Comment: Relationship Data Won't Interpret Itself

What does it take to be excellent? How do you know you are on the right path?

These questions are crucial to customer relationship management. The business model is new, and old measures do not apply.

The new business model says, "People are our most important asset." But in calculations of return on assets, people are an expense.

"We are focused on giving greater value to customers." But what gets measured is market share and products sold.

If credit risk were measured like customer risk, banks would hand over an even amount to each applicant and tell the credit committee: "Many seemed satisfied, and all promised to pay us back. Some may not."

Our clients' goal is to optimize customer relationships, and their performance confirms some logical suppositions.

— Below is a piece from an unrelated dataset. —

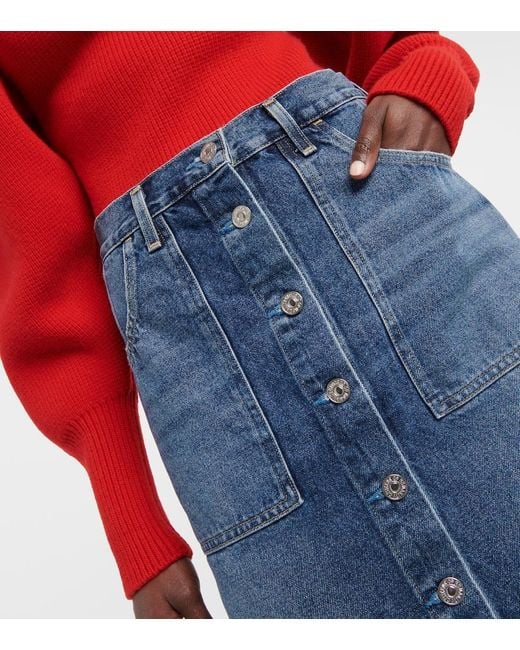 Citizens of Humanity Blue Anouk Denim Midi Skirt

We now know that the right measure of customer relationship management is the ability to increase the value of individual customer income streams. How many unprofitable customers have become less so? How many profitable customers have become more so? How many with high potential have been converted into high value?

We know that the ability of employees to target customers with potential and devise the right value propositions for them is a powerful leading indicator, as is employee enthusiasm for this task.

We know that the old measures can be dangerously misleading. There are examples of banks that gambled heavily on increasing sales per full-time- equivalent employee and others that emphasized the cross-sell. Having succeeded by great margins, they discovered little corresponding increase in profitability.

Likewise with return on assets, efficiency ratio, and credit quality. If you were to shrink assets, slash sales and service expense, and stop making loans altogether, you might do all right for a while on traditional measures-but probably damage shareholder value.

These measures are authoritative to the degree that the industry has accepted them as reasonable.

Customer relationship management is not unique. No matter what you measure, even when a convincing correlation emerges between actions and results, you must still draw some subjective conclusions.

So how do you make CRM results persuasive in a business environment accustomed to tying success to fundamentally different factors? Do you measure the wrong things precisely? Or do you measure the right things and tolerate imprecision with confidence that you are "directionally correct"- while waiting for precision (or at least consensus) to catch up?

We find the answer in our clients' experience. Their results amount to a series of dots to connect. A compelling picture emerges of companies already increasing customer and employee value.

Year after year, the dots trace a common pattern. Most report about 5% to 15% profit improvement over business as usual. (Many actually do much better, but until the measures are more accepted we are reluctant to flaunt them.)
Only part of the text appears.